# Smokey Purple Eyes



## excusememiss (Apr 30, 2014)




----------



## mosha010 (Apr 30, 2014)

Hey Hun We love your vid but it's against forum rules to post links to our own blogs and channels.. You can put the link on the signature and refer to the link there .


----------



## excusememiss (Apr 30, 2014)

Sorry, just figuring things out on spectra. Thanks!


----------



## mosha010 (Apr 30, 2014)

excusememiss said:


> Sorry, just figuring things out on spectra. Thanks!


its Ok  you can edit the signature after 10 posts and link there we love checking out new stuff!


----------



## mosha010 (Apr 30, 2014)

And by the way def out your YouTube link on ur signature.

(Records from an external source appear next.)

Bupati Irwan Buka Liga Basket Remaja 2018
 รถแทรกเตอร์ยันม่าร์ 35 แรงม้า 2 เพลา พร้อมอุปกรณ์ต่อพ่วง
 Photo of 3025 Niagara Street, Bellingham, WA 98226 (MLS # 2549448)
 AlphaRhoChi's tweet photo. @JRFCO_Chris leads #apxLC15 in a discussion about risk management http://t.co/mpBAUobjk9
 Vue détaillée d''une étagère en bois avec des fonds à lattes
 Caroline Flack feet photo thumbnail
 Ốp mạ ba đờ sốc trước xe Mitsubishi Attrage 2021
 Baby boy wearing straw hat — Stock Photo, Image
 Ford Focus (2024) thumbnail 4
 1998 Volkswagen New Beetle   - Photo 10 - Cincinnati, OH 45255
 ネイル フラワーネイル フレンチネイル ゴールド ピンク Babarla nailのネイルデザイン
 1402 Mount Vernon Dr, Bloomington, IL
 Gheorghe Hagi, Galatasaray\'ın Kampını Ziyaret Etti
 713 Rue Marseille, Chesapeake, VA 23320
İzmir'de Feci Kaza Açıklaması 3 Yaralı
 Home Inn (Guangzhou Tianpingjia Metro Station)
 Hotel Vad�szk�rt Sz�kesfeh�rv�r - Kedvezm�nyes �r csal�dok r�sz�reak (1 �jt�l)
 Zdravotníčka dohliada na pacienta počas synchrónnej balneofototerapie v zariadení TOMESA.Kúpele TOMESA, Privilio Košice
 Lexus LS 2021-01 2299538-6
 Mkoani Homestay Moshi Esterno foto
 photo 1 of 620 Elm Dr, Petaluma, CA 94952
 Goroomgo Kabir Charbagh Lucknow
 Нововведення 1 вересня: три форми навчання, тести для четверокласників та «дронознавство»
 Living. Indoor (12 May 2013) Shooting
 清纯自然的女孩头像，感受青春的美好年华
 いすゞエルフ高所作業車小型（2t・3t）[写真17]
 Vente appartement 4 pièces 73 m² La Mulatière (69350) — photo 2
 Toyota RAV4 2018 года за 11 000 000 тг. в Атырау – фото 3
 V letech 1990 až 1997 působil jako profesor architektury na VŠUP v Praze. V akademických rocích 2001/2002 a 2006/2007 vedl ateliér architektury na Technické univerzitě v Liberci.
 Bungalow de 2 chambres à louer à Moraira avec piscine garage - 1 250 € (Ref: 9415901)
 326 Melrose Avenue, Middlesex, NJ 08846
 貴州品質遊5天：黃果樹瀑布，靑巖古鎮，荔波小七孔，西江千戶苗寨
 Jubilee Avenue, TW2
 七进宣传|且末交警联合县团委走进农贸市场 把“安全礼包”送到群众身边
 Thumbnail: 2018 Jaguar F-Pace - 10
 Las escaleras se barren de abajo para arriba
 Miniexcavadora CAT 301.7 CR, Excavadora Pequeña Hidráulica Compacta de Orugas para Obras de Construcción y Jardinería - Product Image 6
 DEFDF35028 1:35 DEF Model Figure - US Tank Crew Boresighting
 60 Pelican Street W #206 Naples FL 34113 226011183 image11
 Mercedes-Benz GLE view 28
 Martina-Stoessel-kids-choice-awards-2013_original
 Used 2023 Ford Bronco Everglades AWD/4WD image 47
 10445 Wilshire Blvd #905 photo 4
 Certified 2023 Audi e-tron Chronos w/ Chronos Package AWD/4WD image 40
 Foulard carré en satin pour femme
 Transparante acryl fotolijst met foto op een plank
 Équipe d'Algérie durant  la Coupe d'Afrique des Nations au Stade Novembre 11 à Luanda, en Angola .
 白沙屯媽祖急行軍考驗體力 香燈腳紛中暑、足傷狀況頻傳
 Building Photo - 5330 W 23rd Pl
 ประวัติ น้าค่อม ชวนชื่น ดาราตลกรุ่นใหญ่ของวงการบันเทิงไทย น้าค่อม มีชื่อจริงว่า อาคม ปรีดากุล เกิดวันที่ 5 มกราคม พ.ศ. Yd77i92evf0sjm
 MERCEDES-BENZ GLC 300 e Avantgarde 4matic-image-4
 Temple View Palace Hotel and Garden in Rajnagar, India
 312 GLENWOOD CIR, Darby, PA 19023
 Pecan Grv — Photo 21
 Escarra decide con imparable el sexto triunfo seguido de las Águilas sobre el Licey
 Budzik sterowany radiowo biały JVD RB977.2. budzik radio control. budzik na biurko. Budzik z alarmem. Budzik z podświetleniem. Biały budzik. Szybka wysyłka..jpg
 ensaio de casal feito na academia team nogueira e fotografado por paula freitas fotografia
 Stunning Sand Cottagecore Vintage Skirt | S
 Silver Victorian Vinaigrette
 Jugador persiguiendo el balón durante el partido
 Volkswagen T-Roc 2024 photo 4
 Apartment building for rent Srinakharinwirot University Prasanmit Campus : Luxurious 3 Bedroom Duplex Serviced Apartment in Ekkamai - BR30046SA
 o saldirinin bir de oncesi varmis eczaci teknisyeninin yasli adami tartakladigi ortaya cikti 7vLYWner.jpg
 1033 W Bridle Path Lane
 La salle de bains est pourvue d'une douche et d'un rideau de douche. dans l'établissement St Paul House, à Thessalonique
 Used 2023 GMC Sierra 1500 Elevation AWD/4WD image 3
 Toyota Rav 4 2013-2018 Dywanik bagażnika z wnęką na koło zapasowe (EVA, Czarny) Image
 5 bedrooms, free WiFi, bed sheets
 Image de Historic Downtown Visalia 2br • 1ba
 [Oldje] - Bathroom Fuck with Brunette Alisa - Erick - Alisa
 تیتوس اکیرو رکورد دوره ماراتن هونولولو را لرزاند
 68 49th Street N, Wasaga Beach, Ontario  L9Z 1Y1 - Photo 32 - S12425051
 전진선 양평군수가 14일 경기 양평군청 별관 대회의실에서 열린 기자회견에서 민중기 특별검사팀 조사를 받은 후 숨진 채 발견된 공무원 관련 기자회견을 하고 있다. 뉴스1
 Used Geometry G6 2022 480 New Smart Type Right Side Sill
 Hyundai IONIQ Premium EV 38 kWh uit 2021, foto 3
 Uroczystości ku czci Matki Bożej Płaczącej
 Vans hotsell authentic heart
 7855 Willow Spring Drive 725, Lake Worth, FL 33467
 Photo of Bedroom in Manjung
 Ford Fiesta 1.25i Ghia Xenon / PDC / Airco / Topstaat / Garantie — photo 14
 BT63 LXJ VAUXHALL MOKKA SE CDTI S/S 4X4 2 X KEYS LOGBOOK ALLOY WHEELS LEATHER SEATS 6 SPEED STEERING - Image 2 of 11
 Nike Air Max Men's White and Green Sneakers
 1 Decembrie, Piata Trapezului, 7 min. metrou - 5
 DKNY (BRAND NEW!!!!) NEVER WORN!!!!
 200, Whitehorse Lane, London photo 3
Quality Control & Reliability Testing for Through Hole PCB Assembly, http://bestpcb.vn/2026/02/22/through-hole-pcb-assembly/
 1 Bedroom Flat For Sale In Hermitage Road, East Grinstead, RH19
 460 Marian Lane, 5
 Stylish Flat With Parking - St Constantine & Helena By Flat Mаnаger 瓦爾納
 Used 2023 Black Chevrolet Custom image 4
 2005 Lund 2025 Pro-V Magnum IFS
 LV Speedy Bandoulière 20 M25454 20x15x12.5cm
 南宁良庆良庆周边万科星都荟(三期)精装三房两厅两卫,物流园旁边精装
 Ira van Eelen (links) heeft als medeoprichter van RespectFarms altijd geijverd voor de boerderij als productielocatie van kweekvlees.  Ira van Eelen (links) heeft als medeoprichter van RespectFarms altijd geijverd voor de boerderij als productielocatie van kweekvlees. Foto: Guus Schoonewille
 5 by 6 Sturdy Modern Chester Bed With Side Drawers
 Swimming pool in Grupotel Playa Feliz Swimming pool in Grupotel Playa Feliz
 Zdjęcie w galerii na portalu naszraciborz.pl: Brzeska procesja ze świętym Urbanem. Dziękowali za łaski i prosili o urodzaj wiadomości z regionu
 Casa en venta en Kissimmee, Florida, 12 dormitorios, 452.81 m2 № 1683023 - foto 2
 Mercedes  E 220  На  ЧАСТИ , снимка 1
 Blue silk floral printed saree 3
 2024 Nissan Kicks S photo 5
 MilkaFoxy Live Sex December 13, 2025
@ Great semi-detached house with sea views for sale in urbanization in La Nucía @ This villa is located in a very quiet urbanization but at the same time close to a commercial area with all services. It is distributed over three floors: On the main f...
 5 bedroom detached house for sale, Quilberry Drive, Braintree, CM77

That look was seriously awesome


----------



## excusememiss (Apr 30, 2014)

Thanks! I definitely will.


----------



## Janice (May 1, 2014)

Hi there, please feel free to edit your original post and embed your video.





  In the editor (what you use to create or edit posts) along the top at the far left on the second bar of icons there is a film reel. If you click that and enter the link to your youtube video that's how you can embed it within your post so people can watch it (and you don't violate forum rules with links!).


----------



## excusememiss (May 2, 2014)

I edited the original post. Hope I embedded it correctly. Thanks for you help Janice!


----------